[Stored items from a collection]

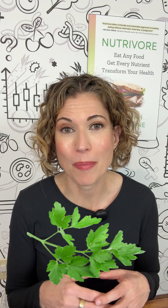Our main source of vitamin K1 is dark green vegetables, especially leafy greens like kale, collards, spinach, and parsley.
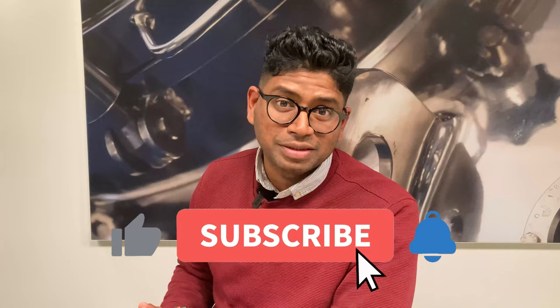Make sure to hit the subscribe button. By subscribing, you help support the channel and you will be the first to know when I post a new video. Thanks for watching and I will see you in my next video.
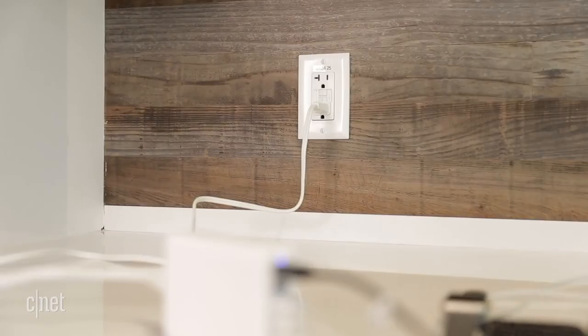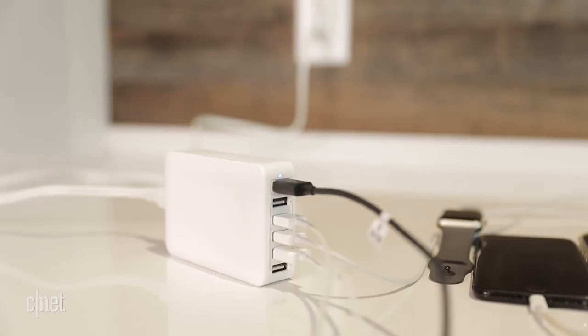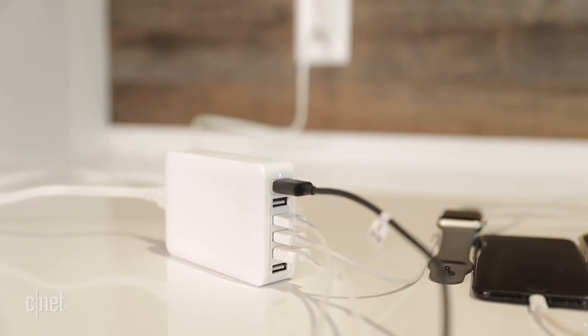Power outlets are a hot commodity at airports and hotel rooms, but with the $25 RAV power station, one is all you'll need to power up all your devices. It has six fast-charging USB ports that charge at maximum capacity and an LED light that lets you know when it's ready to go.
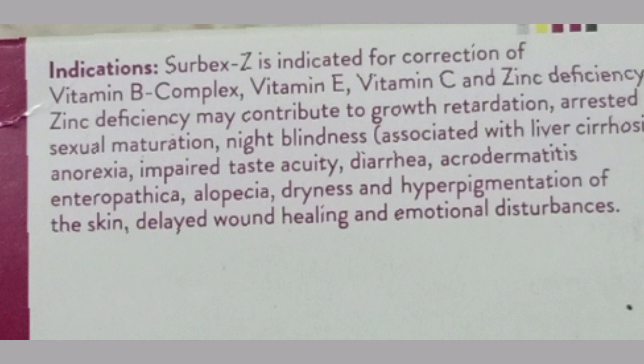Acrodermatitis enteropathica, alopecia, dryness and hyperpigmentation of the skin, delayed bone healing, and emotional disturbances.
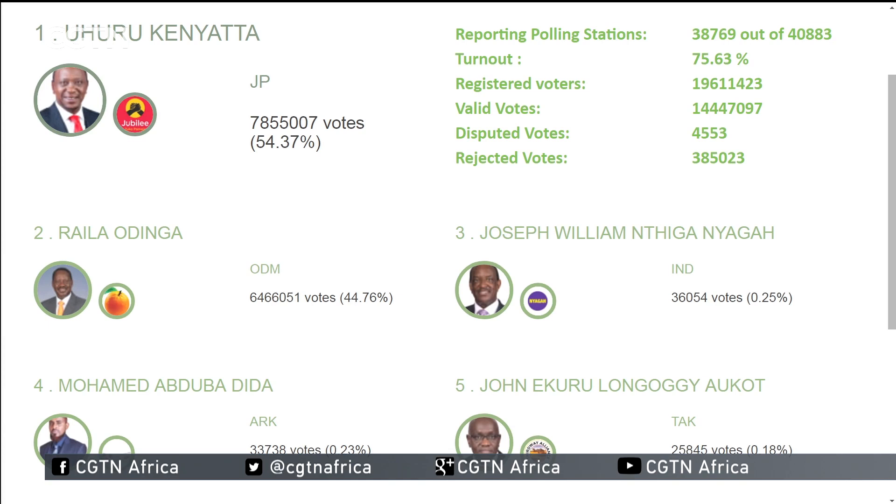A quick reminder that for the latest on the Kenyan elections, this is what the Independent Electoral and Boundaries Commission is currently reflecting — it's a live stream on your screens at the moment. But remember, these are provisional results. For more on the latest developments, let's go to CGTN's Jane Keo.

[Work to be completed]: In the records above, find the line that contains "Power outlets are", then write it out along with every line after it, exactly, through the last one. Leave the pictures out.

[Solution for this exercise]:
Power outlets are a hot commodity at airports and hotel rooms, but with the $25 RAV power station, one is all you'll need to power up all your devices. It has six fast-charging USB ports that charge at maximum capacity and an LED light that lets you know when it's ready to go.
Acrodermatitis enteropathica, alopecia, dryness and hyperpigmentation of the skin, delayed bone healing, and emotional disturbances.
A quick reminder that for the latest on the Kenyan elections, this is what the Independent Electoral and Boundaries Commission is currently reflecting — it's a live stream on your screens at the moment. But remember, these are provisional results. For more on the latest developments, let's go to CGTN's Jane Keo.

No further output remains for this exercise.